# radeon 6570, loading turks microcode hangs for 30 seconds

## nateo

I'm a gentoo newbie, but have been using Debian for a long time. 

Anyway, I am unable to get my kernels to run my Radeon 6570 card. I'm pretty certain I'm following the directions properly and have included the requisite binary blobs. That said, whenever I boot, the system hangs for about 60 seconds while it is "loading TURKS microcode". Subsequent attempts to start X fall back on VESA, which runs but doesn't look very pretty.

Any suggestions?

----------

## DONAHUE

```
emerge wgetpaste

wgetpaste /usr/src/linux/.config

wgetpaste /etc/portage/make.conf 

wgetpaste /etc/make.conf

ls /lib/firmware/radeon | wgetpaste
```

post the url's returned. you may not have one or the other make.conf

----------

## NeddySeagoon

nateo,

Welcome to Gentoo.

You should find some messages in dmesg about microcode loading, what files were lokked for and the varyig degrees of success.

Radeon should work without microcode but you will be missing 3D hardware acceleration.  That suggests you have two issues

Tell us where the microcode file(s) are and if the radeon kernel module is configured as <M> or <*>.

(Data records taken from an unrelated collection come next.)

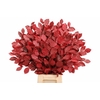 Faggio Preserved Cerise (beech,beuk)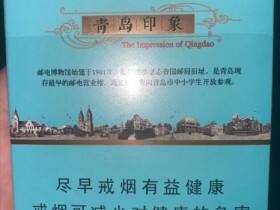 泰山(青岛印象)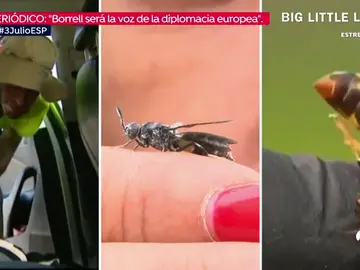 plagas del verano plagas del verano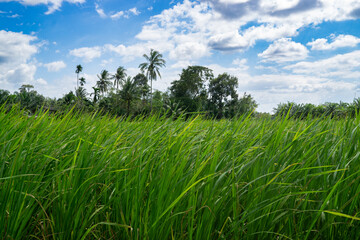 Green Jasmine rice field in Thailand, Ears Of Rice Swaying In The Wind, Young rice sprout ready to growing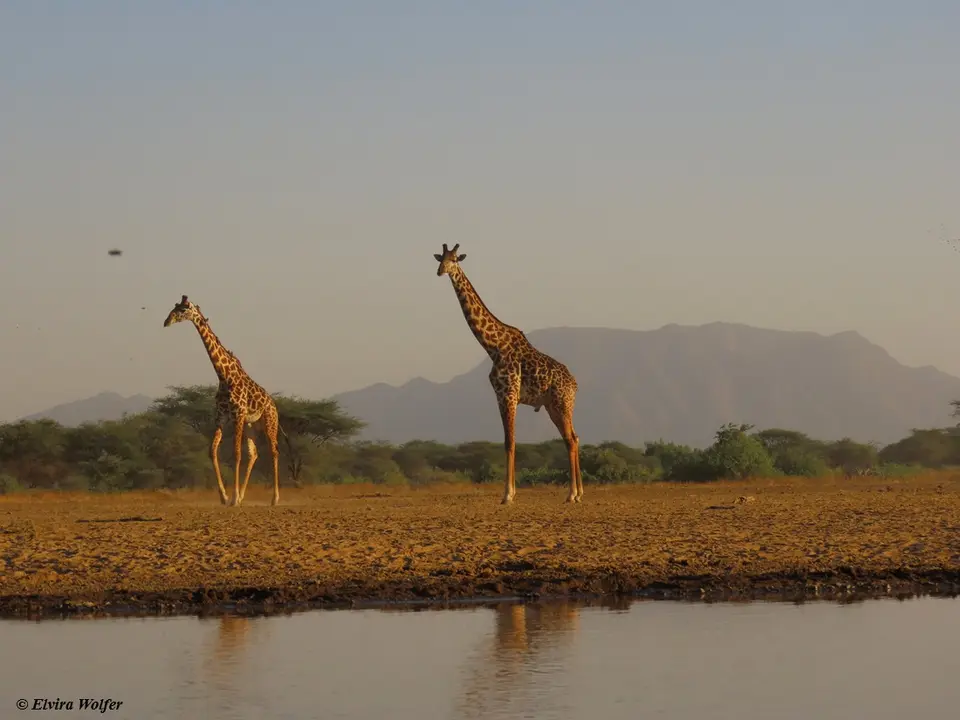 MasaiGiraffes2.jpg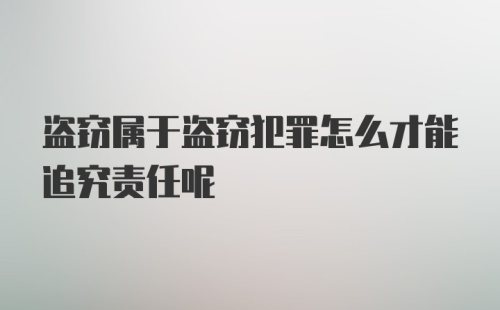 盗窃属于盗窃犯罪怎么才能追究责任呢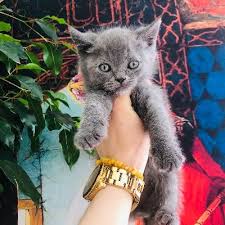 İşte emre erciş hakkında merak edilenler. Av Harun Akdere On Twitter Berfiny98338591 Emreyaziyorrr Ezgimola Emre Ercis Sana Vasiyetim Ben Olunce Benimle Dalga Gec Harun Akdere Oldu Deyip Kahkaha Emojisini Patlat Twitter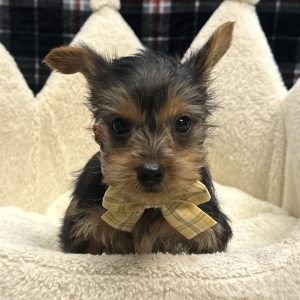 Male Yorkshire Terrier Born: 11/10/25 $2599.99 USDA# 47-B-0126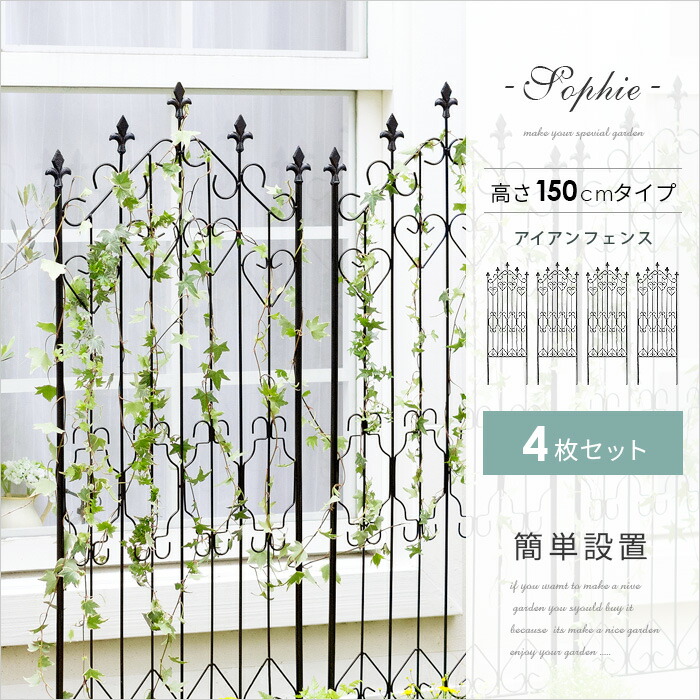 soh-lo4-kago1n.jpg soh-lo4-kago1n.jpg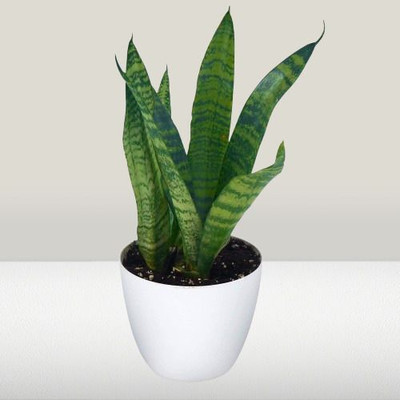 GreenyOn Snake Plant(Hybrid, Pack of 1)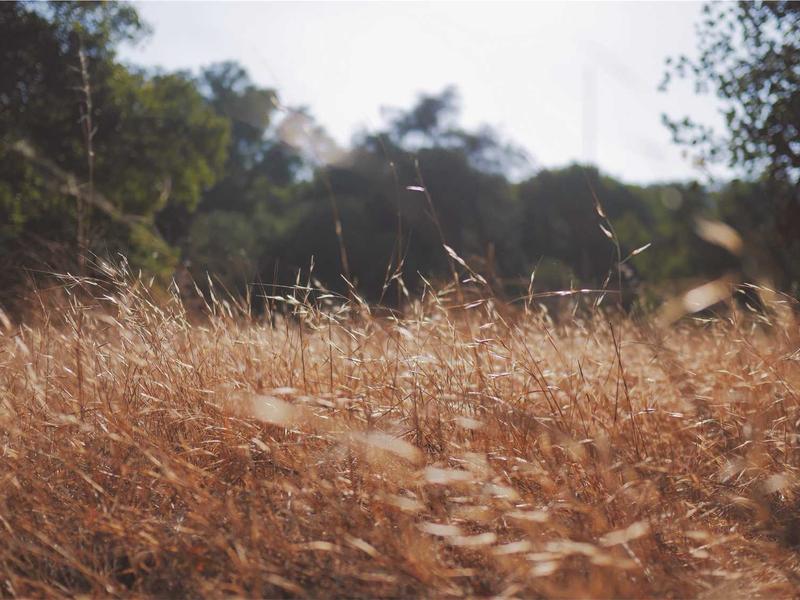 გაგრილების სისტემები ლაიტ K381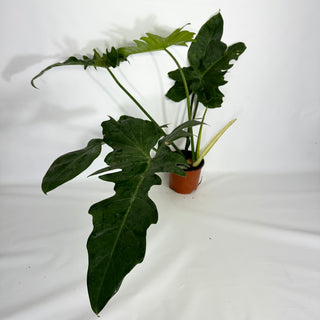 Z-4622 - Philodendron 'Mottled Dragon' (Non-TC)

Mane friends with wgetpaste and put your kernel .config file and your dmesg on a pastebin site, then tell us the URLs.

----------

## nateo

Here you go:

http://bpaste.net/show/46455/

http://bpaste.net/show/46456/

http://bpaste.net/show/46457/

Thanks for taking a look!

----------

## DONAHUE

It wants turks  *Quote:*   

> "loading TURKS microcode"

  but you only gave it

```
 CONFIG_EXTRA_FIRMWARE="radeon/BARTS_mc.bin radeon/BARTS_me.bin radeon/BARTS_pfp.bin"
```

 built into kernel

----------

## NeddySeagoon

nateo,

Please choose the make.conf you like best and delete the other one.  Portage will use both, in order. It won't get confused but you might.

```
CONFIG_EXTRA_FIRMWARE="radeon/BARTS_mc.bin radeon/BARTS_me.bin radeon/BARTS_pfp.bin"

CONFIG_EXTRA_FIRMWARE_DIR="/lib/firmware"
```

make me nervous.

Does the kernel add the trailing / to "/lib/firmware" or not?

I have CONFIG_EXTRA_FIRMWARE_DIR="/lib/firmware/"  with the trailing /.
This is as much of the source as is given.